(Data shown Opens)
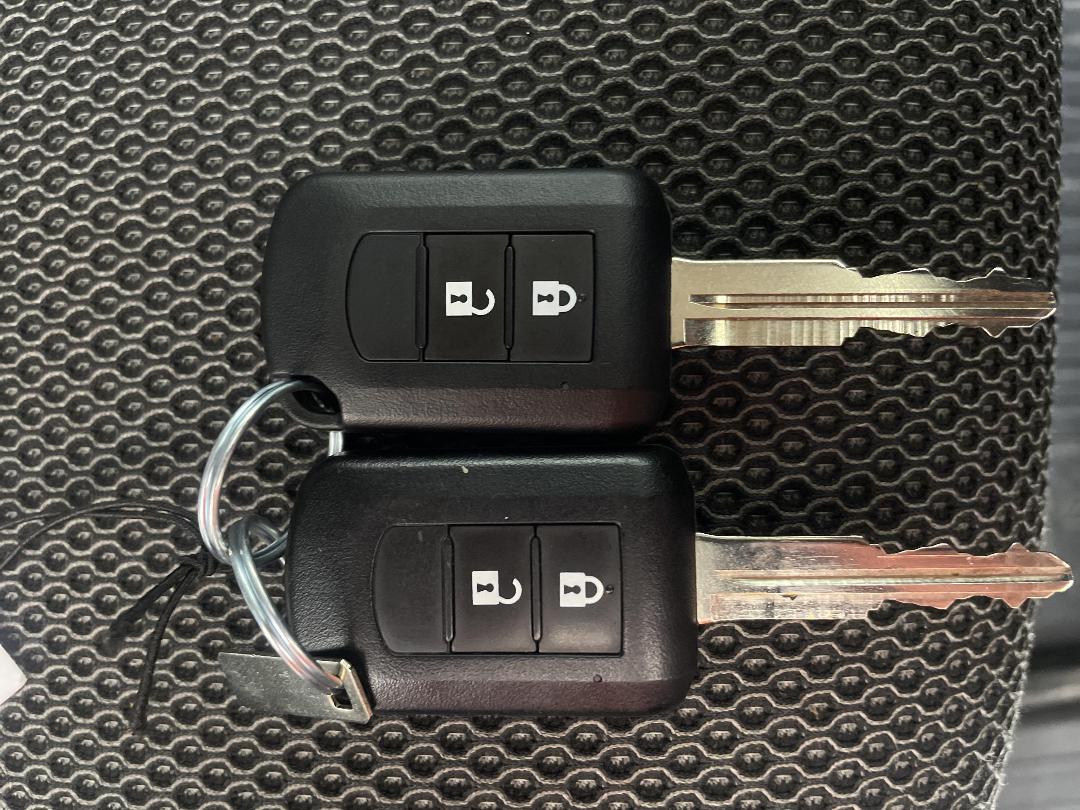 Photo '22' of Mitsubishi Triton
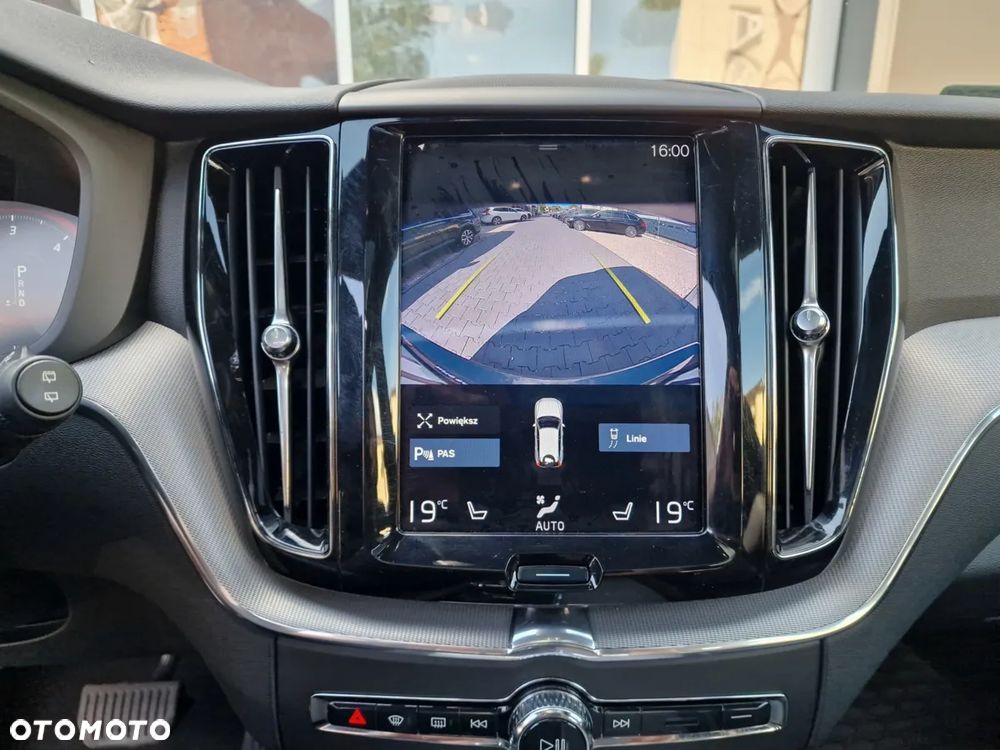 Volvo XC 60 D4 AWD Geartronic Inscription - 19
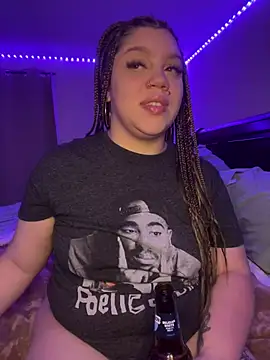 QueenNuttCollector online show from December 21, 2024, 1:58 am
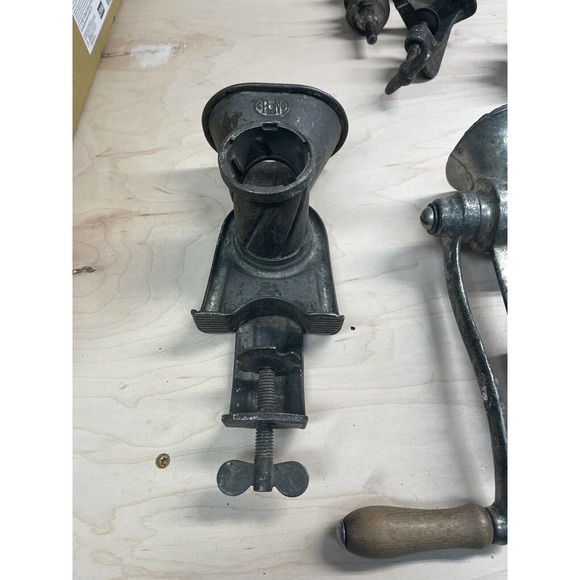Vintage Universal Food/Meat Chopper/Grinder Lot Hand Crank Heavy Duty LOT - Picture 6 of 11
(Data shown Closes)
▶ [What is expected]:
Without including any images, output the data exactly as given.

▶ [Solution]:
 Photo '22' of Mitsubishi Triton
 Volvo XC 60 D4 AWD Geartronic Inscription - 19
 QueenNuttCollector online show from December 21, 2024, 1:58 am
Vintage Universal Food/Meat Chopper/Grinder Lot Hand Crank Heavy Duty LOT - Picture 6 of 11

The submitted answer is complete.